* [GIVEN INFORMATION]
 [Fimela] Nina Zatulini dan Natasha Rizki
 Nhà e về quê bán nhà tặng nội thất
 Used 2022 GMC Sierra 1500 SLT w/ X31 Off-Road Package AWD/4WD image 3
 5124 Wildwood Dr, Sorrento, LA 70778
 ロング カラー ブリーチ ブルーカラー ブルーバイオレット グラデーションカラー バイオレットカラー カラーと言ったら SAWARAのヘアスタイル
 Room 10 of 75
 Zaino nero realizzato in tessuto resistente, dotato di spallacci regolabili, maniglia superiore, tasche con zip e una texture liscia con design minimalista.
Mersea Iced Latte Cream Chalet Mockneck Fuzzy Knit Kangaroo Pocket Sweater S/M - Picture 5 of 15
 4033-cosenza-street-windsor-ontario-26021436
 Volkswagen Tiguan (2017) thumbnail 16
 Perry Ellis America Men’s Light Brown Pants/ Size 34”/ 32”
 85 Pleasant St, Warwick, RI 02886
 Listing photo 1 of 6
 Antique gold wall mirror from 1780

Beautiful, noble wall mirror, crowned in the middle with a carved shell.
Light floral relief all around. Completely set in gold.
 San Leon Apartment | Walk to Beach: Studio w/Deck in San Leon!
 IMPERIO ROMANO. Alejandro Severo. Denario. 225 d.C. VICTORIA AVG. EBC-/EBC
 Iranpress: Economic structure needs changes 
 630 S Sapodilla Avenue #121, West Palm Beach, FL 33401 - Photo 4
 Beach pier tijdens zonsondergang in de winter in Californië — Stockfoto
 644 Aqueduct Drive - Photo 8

* [TASK GOAL] Identify the lines in the entries above that contain "Beach", then copy them out.

* [RESULT OF THIS EXERCISE]
 San Leon Apartment | Walk to Beach: Studio w/Deck in San Leon!
 630 S Sapodilla Avenue #121, West Palm Beach, FL 33401 - Photo 4
 Beach pier tijdens zonsondergang in de winter in Californië — Stockfoto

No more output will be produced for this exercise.